> GIVEN DATA:
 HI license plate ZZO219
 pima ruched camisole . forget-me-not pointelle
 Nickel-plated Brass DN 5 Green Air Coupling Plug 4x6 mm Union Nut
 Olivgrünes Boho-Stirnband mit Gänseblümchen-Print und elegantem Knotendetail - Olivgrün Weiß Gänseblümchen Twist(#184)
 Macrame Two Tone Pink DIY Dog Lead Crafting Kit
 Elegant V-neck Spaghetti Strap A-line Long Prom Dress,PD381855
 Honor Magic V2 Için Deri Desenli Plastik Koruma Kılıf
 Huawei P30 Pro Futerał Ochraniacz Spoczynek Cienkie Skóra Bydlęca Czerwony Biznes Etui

...

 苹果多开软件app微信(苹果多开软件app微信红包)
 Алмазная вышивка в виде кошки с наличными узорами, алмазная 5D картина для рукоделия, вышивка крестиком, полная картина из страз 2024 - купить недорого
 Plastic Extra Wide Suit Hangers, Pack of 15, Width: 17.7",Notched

> WHAT THE EXERCISE ASKS:
Each line in the listing above from the one containing "HI license plate ZZO219" through the one containing "Olivgrünes Boho-Stirnband mit" should be repeated exactly, and no other line.

> RESPONSE AREA:
 HI license plate ZZO219
 pima ruched camisole . forget-me-not pointelle
 Nickel-plated Brass DN 5 Green Air Coupling Plug 4x6 mm Union Nut
 Olivgrünes Boho-Stirnband mit Gänseblümchen-Print und elegantem Knotendetail - Olivgrün Weiß Gänseblümchen Twist(#184)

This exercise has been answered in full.